**What the task asks:** Make an exact copy of the entries below and leave any picture out of it.
===== Task data =====
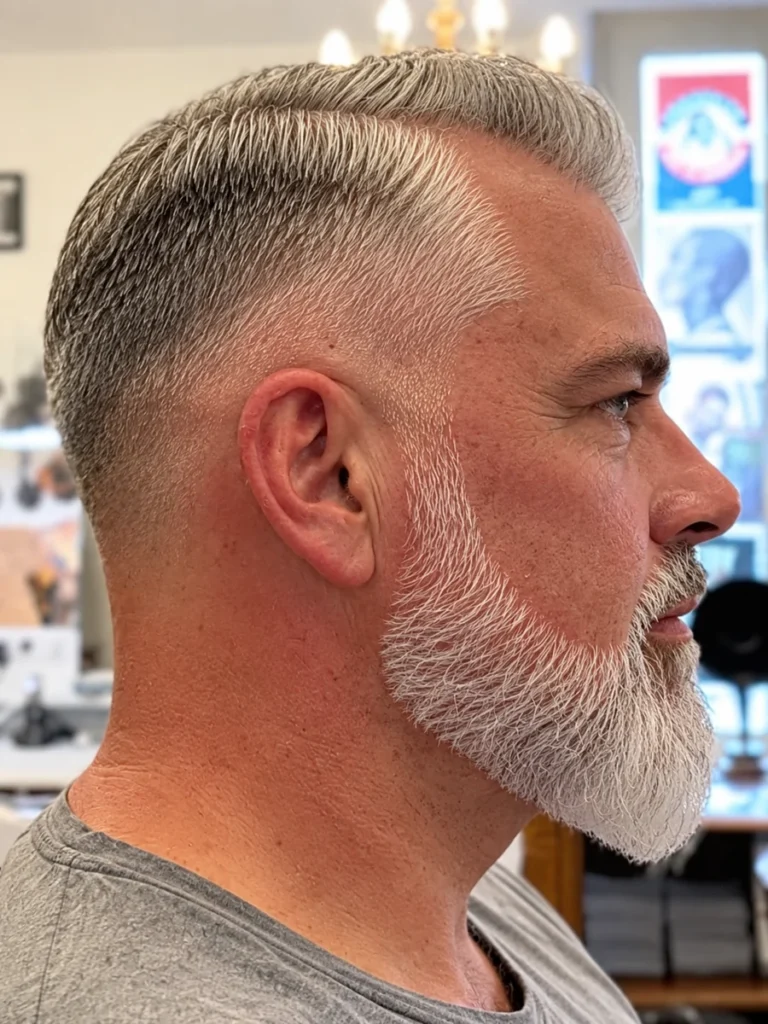 Cheveux gris coiffés sur le côté et barbe blanche dessinée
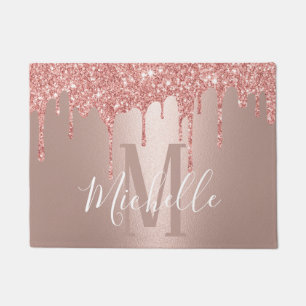 Paillasson Rose moderne Gold Parties scintillant Drives Nom d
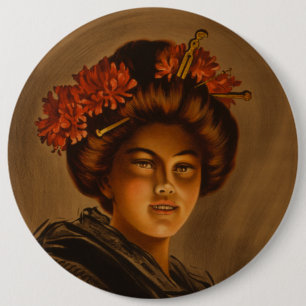 Bóton Redondo 15.24cm Karama: Atriz japonesa Romance Geisha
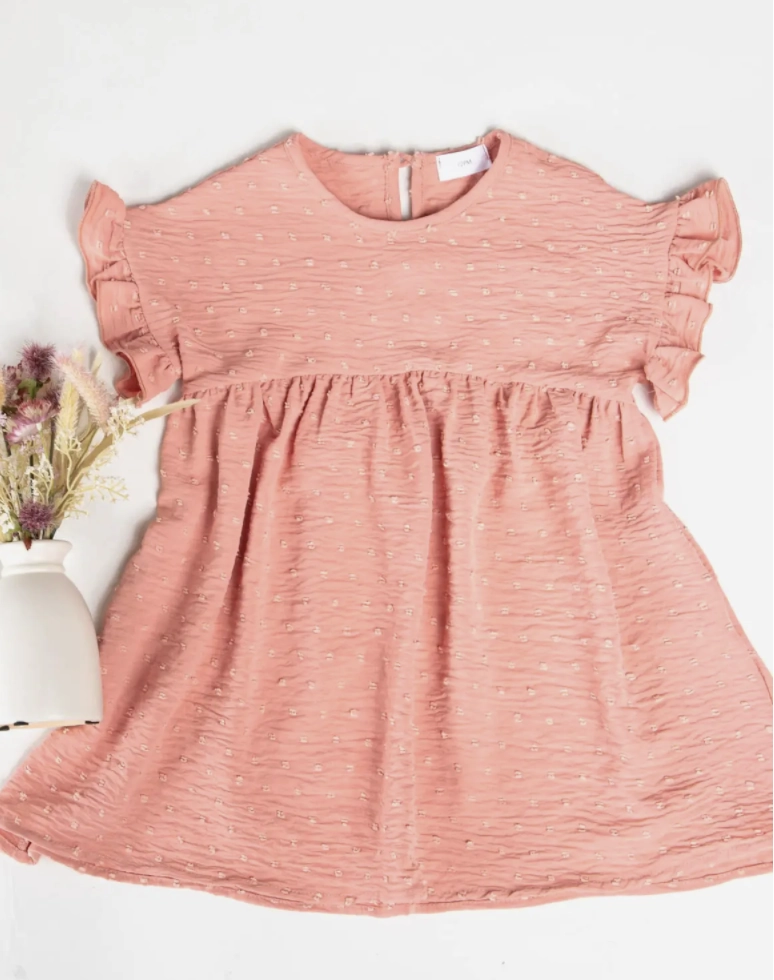 Kids Woven Swiss Dots Babydoll Mini Dress Low contrast children's clothes Skinny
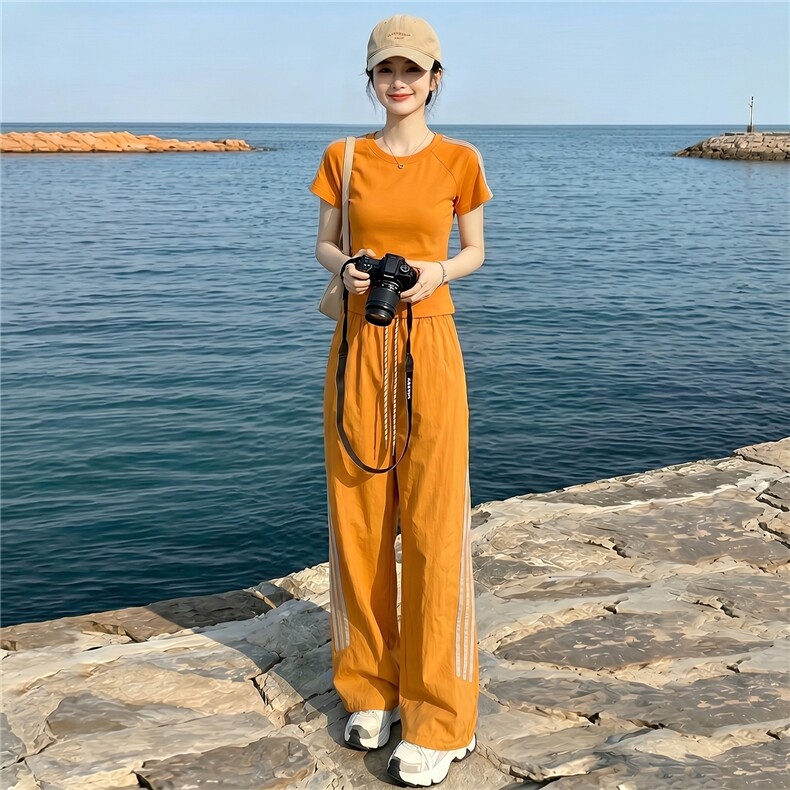 高级感时尚休闲套装女夏季新款高级感圆领短袖上衣束脚长裤两件套,女装套装/套裙,江南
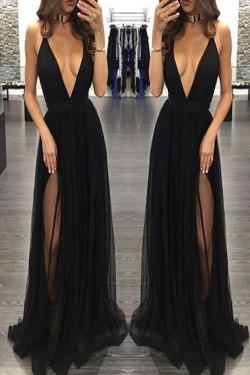 Sexy Low V-Neck Long Black Prom Dresses Party Evening Gowns 3020492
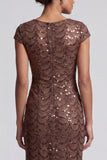 Robe midi de la mère de la mariée à manches scintillantes scintillantes de la sirène marine à col rond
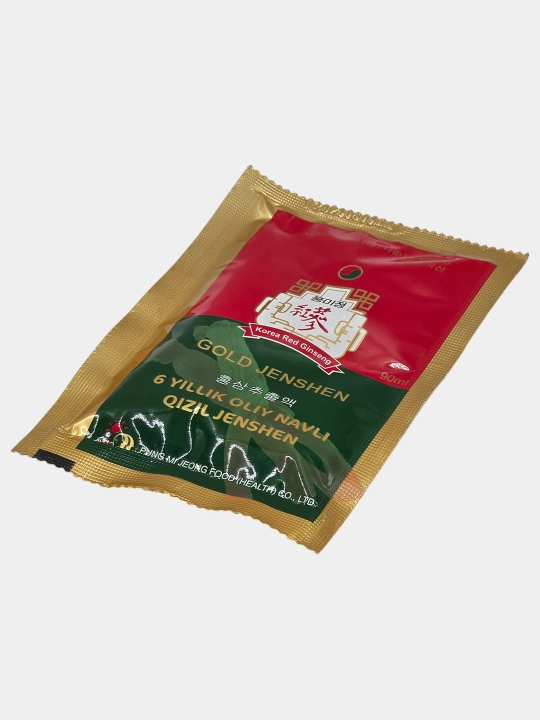 6 yillik qizil jenshen ildizidan tayyorlangan Gold jenshen nastoykasi, 90 ml/30 dona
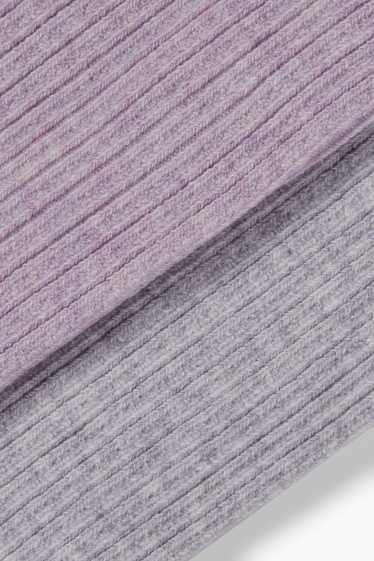 Copii - Fete - Multipack 2 perechi - dresuri - reiate - violet deschis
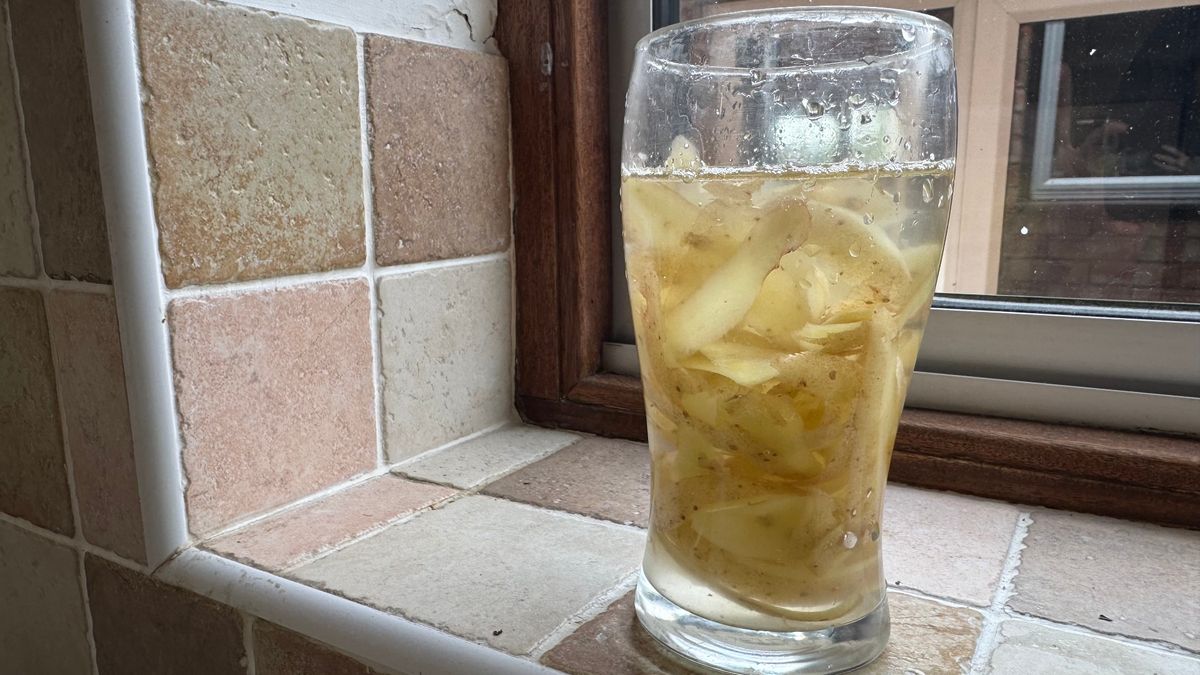 Potato peel in a glass with water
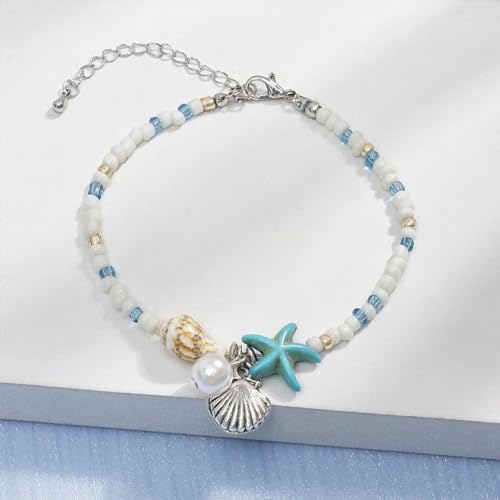 KONPJE Waterproof Boho Shell Anklet for Women - Adjustable Beach Foot Chain with Starfish and Pearl Accents for Summer Style - Image 3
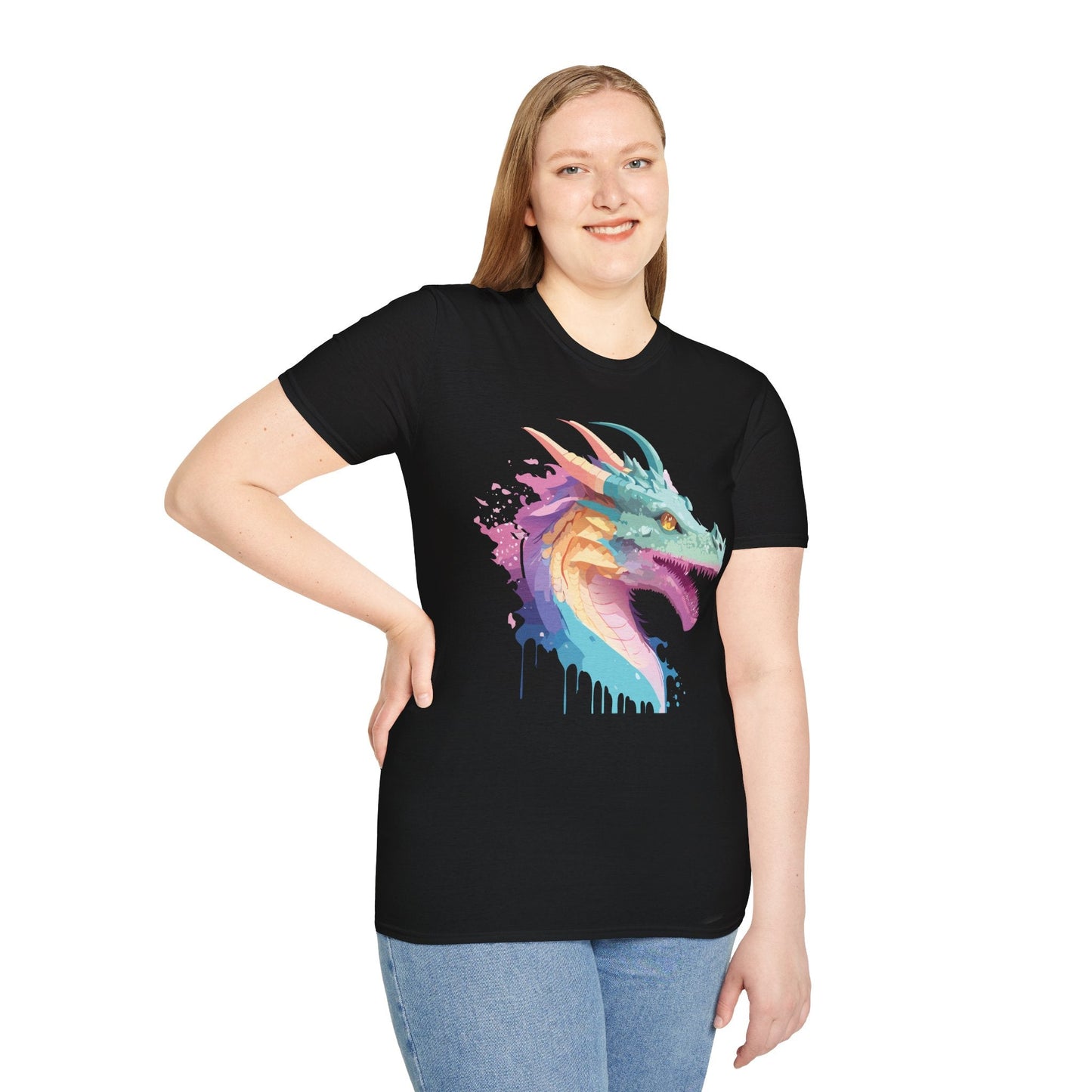 Dragon Graphic Tee Unisex Short Sleeve Dragon Shirt With Animal Design Gildan SoftStyle 64000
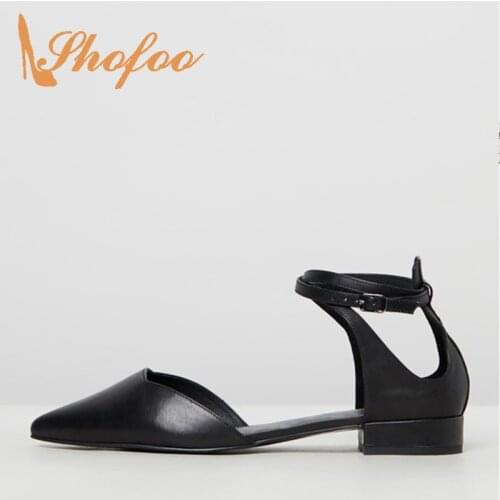 Black Cross Tied Low Chunky Heels Sandals Woman Large Size 11 16 Soft Leather Buckle Strap For Ladies Summer Footwear Concise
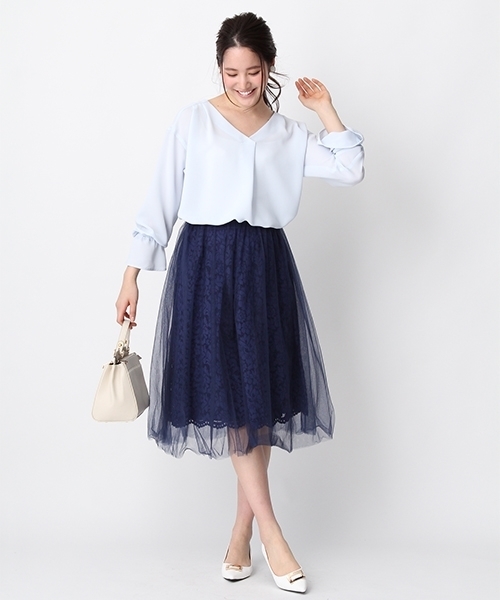 Andemiu(アンデミュウ)の「【チュールが取れる2WAY】レースXチュール2WAYスカート749708(スカート・レディース・ネイビー/ライトグレー/ピンク・FREE)」の5枚目の写真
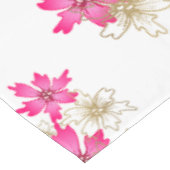 Nappe Joyeux poinsettia rose Noël et fleur d'or (Angle)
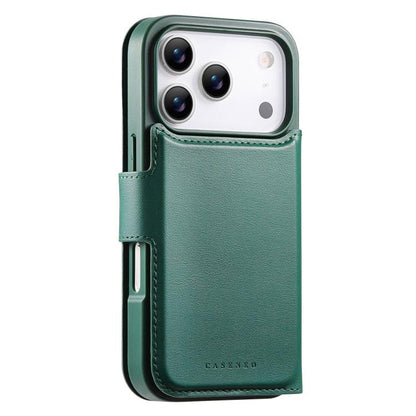 For iPhone 17 Pro CaseNeo Finger Grip Strap MagSafe Leather Phone Case(Green) by CaseNeo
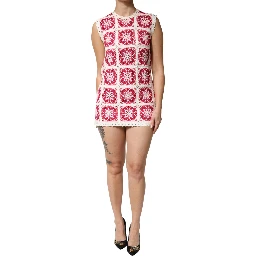 Multicolor Brick Stitched Crochet Mini Dress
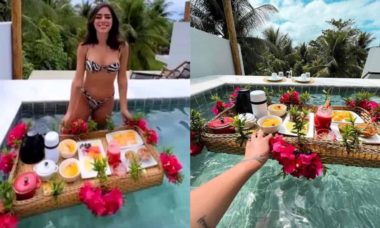 Bruna Biancardi curte café na piscina em viagem pelo Alagoas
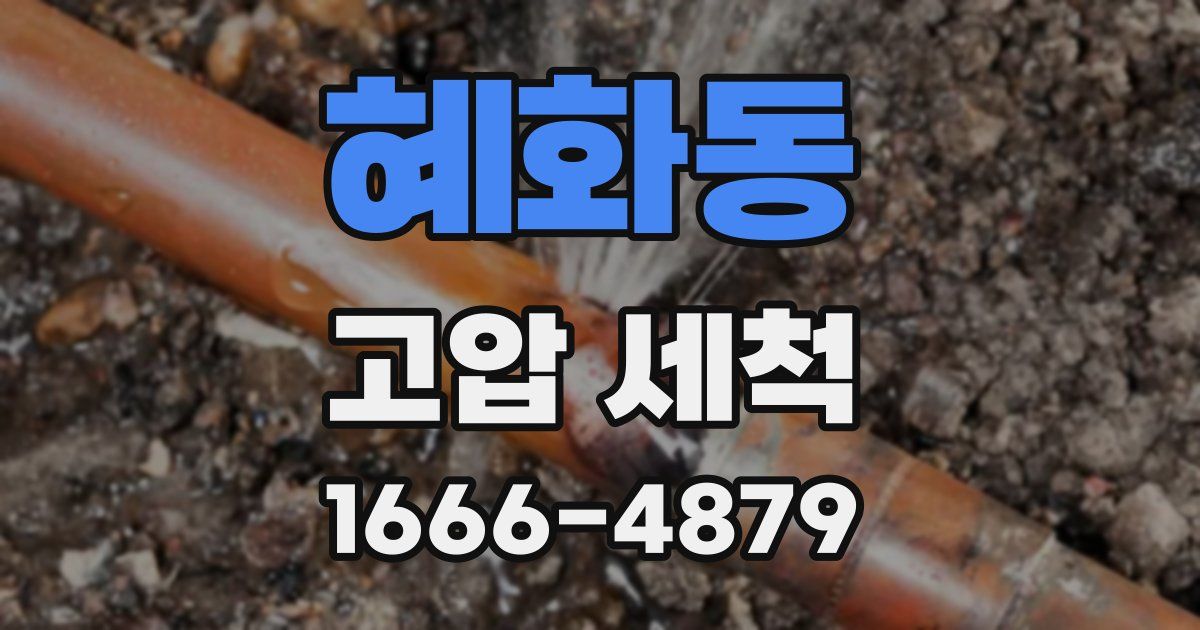 혜화동 고압 세척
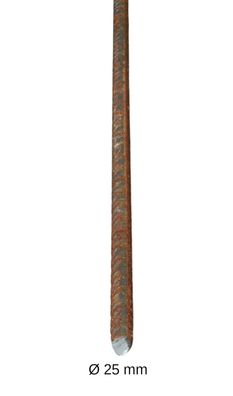 Betonstahl-Stab Ø 25 mm - 2 Stück, 75 cm (19,17 &euro; m), Baustahl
=====
**Answer to the exercise:**
 Cheveux gris coiffés sur le côté et barbe blanche dessinée
 Paillasson Rose moderne Gold Parties scintillant Drives Nom d
 Bóton Redondo 15.24cm Karama: Atriz japonesa Romance Geisha
 Kids Woven Swiss Dots Babydoll Mini Dress Low contrast children's clothes Skinny
 高级感时尚休闲套装女夏季新款高级感圆领短袖上衣束脚长裤两件套,女装套装/套裙,江南
 Sexy Low V-Neck Long Black Prom Dresses Party Evening Gowns 3020492
 Robe midi de la mère de la mariée à manches scintillantes scintillantes de la sirène marine à col rond
 6 yillik qizil jenshen ildizidan tayyorlangan Gold jenshen nastoykasi, 90 ml/30 dona
 Copii - Fete - Multipack 2 perechi - dresuri - reiate - violet deschis
 Potato peel in a glass with water
 KONPJE Waterproof Boho Shell Anklet for Women - Adjustable Beach Foot Chain with Starfish and Pearl Accents for Summer Style - Image 3
 Dragon Graphic Tee Unisex Short Sleeve Dragon Shirt With Animal Design Gildan SoftStyle 64000
 Black Cross Tied Low Chunky Heels Sandals Woman Large Size 11 16 Soft Leather Buckle Strap For Ladies Summer Footwear Concise
 Andemiu(アンデミュウ)の「【チュールが取れる2WAY】レースXチュール2WAYスカート749708(スカート・レディース・ネイビー/ライトグレー/ピンク・FREE)」の5枚目の写真
 Nappe Joyeux poinsettia rose Noël et fleur d'or (Angle)
 For iPhone 17 Pro CaseNeo Finger Grip Strap MagSafe Leather Phone Case(Green) by CaseNeo
 Multicolor Brick Stitched Crochet Mini Dress
 Bruna Biancardi curte café na piscina em viagem pelo Alagoas
 혜화동 고압 세척
 Betonstahl-Stab Ø 25 mm - 2 Stück, 75 cm (19,17 &euro; m), Baustahl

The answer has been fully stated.